Write out once more the lines running from the top of the entries below to the line with "Miami White Subway", both ends included.

[Input Boundary: Start]

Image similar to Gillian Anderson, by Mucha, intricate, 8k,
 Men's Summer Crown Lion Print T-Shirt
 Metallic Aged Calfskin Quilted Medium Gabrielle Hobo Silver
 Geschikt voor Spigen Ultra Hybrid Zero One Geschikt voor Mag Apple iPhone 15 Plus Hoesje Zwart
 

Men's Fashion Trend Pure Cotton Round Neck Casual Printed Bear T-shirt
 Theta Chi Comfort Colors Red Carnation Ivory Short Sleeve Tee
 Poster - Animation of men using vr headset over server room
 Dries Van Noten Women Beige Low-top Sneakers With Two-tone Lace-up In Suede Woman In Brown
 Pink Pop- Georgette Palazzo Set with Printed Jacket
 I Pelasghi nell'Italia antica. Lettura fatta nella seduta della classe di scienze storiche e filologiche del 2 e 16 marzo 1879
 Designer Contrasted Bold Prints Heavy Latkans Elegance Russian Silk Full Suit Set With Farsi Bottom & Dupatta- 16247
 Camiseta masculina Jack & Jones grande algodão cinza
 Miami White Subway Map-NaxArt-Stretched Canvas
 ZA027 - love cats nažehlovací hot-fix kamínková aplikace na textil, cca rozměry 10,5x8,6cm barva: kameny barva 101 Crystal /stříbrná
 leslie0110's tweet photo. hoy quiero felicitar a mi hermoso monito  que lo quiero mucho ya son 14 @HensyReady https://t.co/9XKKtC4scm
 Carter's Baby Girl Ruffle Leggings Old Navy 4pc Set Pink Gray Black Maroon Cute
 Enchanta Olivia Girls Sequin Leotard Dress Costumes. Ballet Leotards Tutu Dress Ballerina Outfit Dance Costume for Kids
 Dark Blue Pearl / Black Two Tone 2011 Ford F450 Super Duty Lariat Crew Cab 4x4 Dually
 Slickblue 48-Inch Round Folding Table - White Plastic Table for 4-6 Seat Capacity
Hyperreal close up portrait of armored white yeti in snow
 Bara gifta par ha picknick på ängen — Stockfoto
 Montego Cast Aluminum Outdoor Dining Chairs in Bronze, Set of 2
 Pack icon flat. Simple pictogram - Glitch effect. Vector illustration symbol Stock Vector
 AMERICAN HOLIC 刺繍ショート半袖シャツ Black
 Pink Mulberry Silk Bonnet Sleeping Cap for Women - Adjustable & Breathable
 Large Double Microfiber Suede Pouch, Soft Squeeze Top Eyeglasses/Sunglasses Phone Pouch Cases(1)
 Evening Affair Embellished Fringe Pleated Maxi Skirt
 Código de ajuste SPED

[Input Boundary: End]

Exercise response —
Image similar to Gillian Anderson, by Mucha, intricate, 8k,
 Men's Summer Crown Lion Print T-Shirt
 Metallic Aged Calfskin Quilted Medium Gabrielle Hobo Silver
 Geschikt voor Spigen Ultra Hybrid Zero One Geschikt voor Mag Apple iPhone 15 Plus Hoesje Zwart
 

Men's Fashion Trend Pure Cotton Round Neck Casual Printed Bear T-shirt
 Theta Chi Comfort Colors Red Carnation Ivory Short Sleeve Tee
 Poster - Animation of men using vr headset over server room
 Dries Van Noten Women Beige Low-top Sneakers With Two-tone Lace-up In Suede Woman In Brown
 Pink Pop- Georgette Palazzo Set with Printed Jacket
 I Pelasghi nell'Italia antica. Lettura fatta nella seduta della classe di scienze storiche e filologiche del 2 e 16 marzo 1879
 Designer Contrasted Bold Prints Heavy Latkans Elegance Russian Silk Full Suit Set With Farsi Bottom & Dupatta- 16247
 Camiseta masculina Jack & Jones grande algodão cinza
 Miami White Subway Map-NaxArt-Stretched Canvas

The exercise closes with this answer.